Blinken meets Israeli leaders amid regional tensions

US Secretary of State Antony Blinken has called on Israeli Prime Minister Benjamin Netanyahu to revive ceasefire negotiations to end the war in the Gaza Strip, pressing for more aid to be allowed into the besieged enclave.

Blinken arrived in Israel on Tuesday on his 11th visit to the Middle East since the war in Gaza began more than a year ago. It is his first trip to the region since Israel escalated its conflict with Hezbollah in Lebanon late last month.

The visit got off to an inauspicious start as Hezbollah launched medium-range missiles towards Tel Aviv, temporarily shutting down Ben Gurion Airport, where Blinken landed, according to Israeli media.

At the meeting in Jerusalem, the US official pressed Netanyahu to “capitalise” on Israel’s killing of Hamas leader Yahya Sinwar last week in order to bring the war in Gaza to an end.

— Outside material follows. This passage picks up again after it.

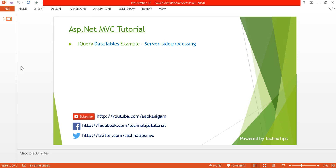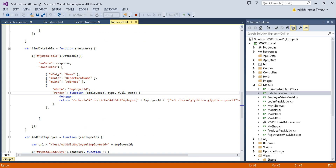What's up guys, this is Ashish Tiwari here and you are watching TechnoTips ASP.NET MVC tutorial. In this tutorial I'm going to discuss about jQuery DataTables example with server-side processing. So before watching this, please watch my previous video — that is part 46 of this video series — where I explained how you can perform add/edit operations using jQuery DataTable.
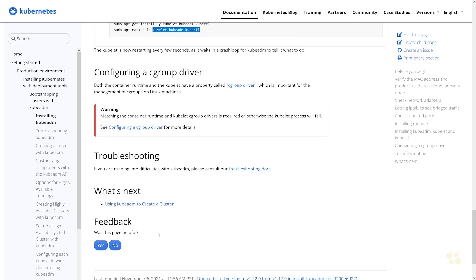All right, so now we are just about at the point where we can go ahead and use kubeadm to initialize our cluster. We'll do that in the next video. I hope this has been informative for you and I'd like to thank you for viewing.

Blinken “stressed the need to capitalise on Israel’s successful action to bring Yahya Sinwar to justice by securing the release of all hostages and ending the conflict in Gaza in a way that provides lasting security for Israelis and Palestinians alike”, US State Department spokesman Matthew Miller said after the talks.

Blinken also “emphasised the need for Israel to take additional steps to increase and sustain the flow of humanitarian assistance into Gaza and ensure that assistance reaches civilians throughout Gaza”, Miller added.

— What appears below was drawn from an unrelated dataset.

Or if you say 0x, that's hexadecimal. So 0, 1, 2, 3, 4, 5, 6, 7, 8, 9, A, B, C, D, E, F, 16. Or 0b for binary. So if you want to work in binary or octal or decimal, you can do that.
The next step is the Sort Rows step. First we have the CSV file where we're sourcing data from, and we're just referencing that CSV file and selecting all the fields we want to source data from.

Netanyahu’s office announced Sinwar’s killing “may have a positive effect on the return of the hostages, the achievement of all the goals of the war, and the day after the war”.

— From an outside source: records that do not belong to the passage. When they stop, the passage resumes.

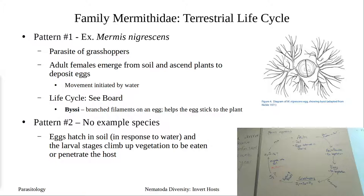The males basically will come out, they'll mate, and then the males end up dying.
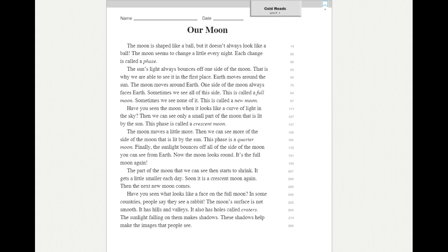Earth moves around the sun. The moon moves around Earth. One side of the moon always faces Earth. Sometimes we see all of this side. This is called a full moon. Sometimes we see none of it. This is called a new moon.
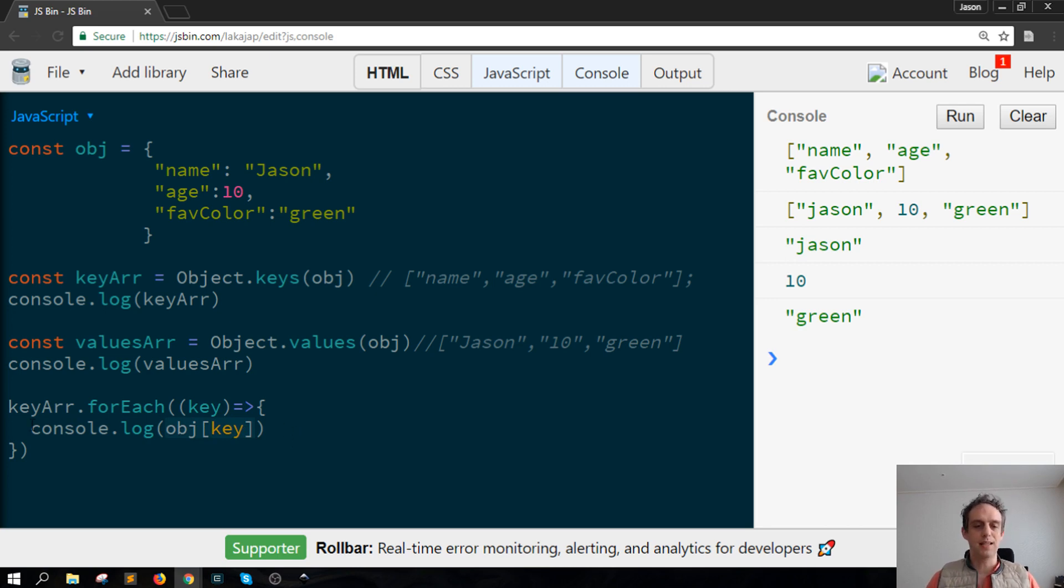In this case here we're going through and just logging them like this.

But there was no mention of a possible ceasefire after a year of war in which Hamas’s military capabilities have been greatly degraded and Gaza largely reduced to rubble, with the vast majority of its 2.3 million Palestinian residents displaced.

One topic of discussion was the so-called Generals’ Plan. Put forward in September by retired General Giora Eiland, the Generals’ Plan – which calls for the expulsion of Palestinians from Northern Gaza and the forced starvation and targeting of whoever stays behind – has been labelled a roadmap to ethnic cleansing by critics.

An American official has stated that Netanyahu and his top aides sidestepped Blinken’s request during the meeting to publicly clarify that Israel is not seeking to lay siege to northern Gaza.

Netanyahu and Strategic Affairs Minister Ron Dermer insisted during the meeting that Israel is not implementing the so-called General’s Plan aimed at isolating northern Gaza and argued that claims to the contrary have been detrimental to Israel’s public image, the US official said.

Blinken urged Netanyahu to clarify this publicly, but he and his aides demurred, the official added.

The US State Department noted Blinken and Netanyahu also discussed ways of implementing a long stagnant 2006 United Nations resolution passed after the last Israel-Hezbollah war that would restore security and calm along the Israel-Lebanon border and allow civilians on both sides to return home.

But as Blinken met Israeli leaders, Hezbollah ruled out entering negotiations with Israel while fighting continues, and it claimed responsibility for a drone attack targeting Netanyahu’s holiday home on Saturday.

In his statement, Netanyahu also stated a need for change in the security and political situation in Lebanon that would allow Israelis to return safely to their homes that had come under Hezbollah rocket fire.

Israel’s conflict with the Iran-linked armed group Hezbollah in Lebanon has intensified in recent weeks after a year of cross-border fighting.

Early on Tuesday, Hezbollah said it had launched volleys of rockets at two Israeli military bases near Tel Aviv as well as a naval base in Haifa.

The backdrop of violence to Blinken’s visit serves to illustrate the sparse hope that his visit will result in a breakthrough.

Speaking to reporters on his way from Tel Aviv to Saudi Arabia’s Riyadh on the next stage of his Middle East visit, Blinken stated that the US fully rejects the idea of Israel permanently occupying Gaza, and said that Netanyahu’s government have an opportunity to turn its military campaign against Hamas into “an enduring strategic success”.

“Now is the time to turn those successes into an enduring strategic success. And there are really two things left to do, get the hostages home and bring the war to an end with an understanding of what will follow,” he added.

Israel has achieved most of its strategic objectives in Gaza by destroying much of Hamas’ military capacity there, opening the door to a lasting end to the conflict, Blinken continued.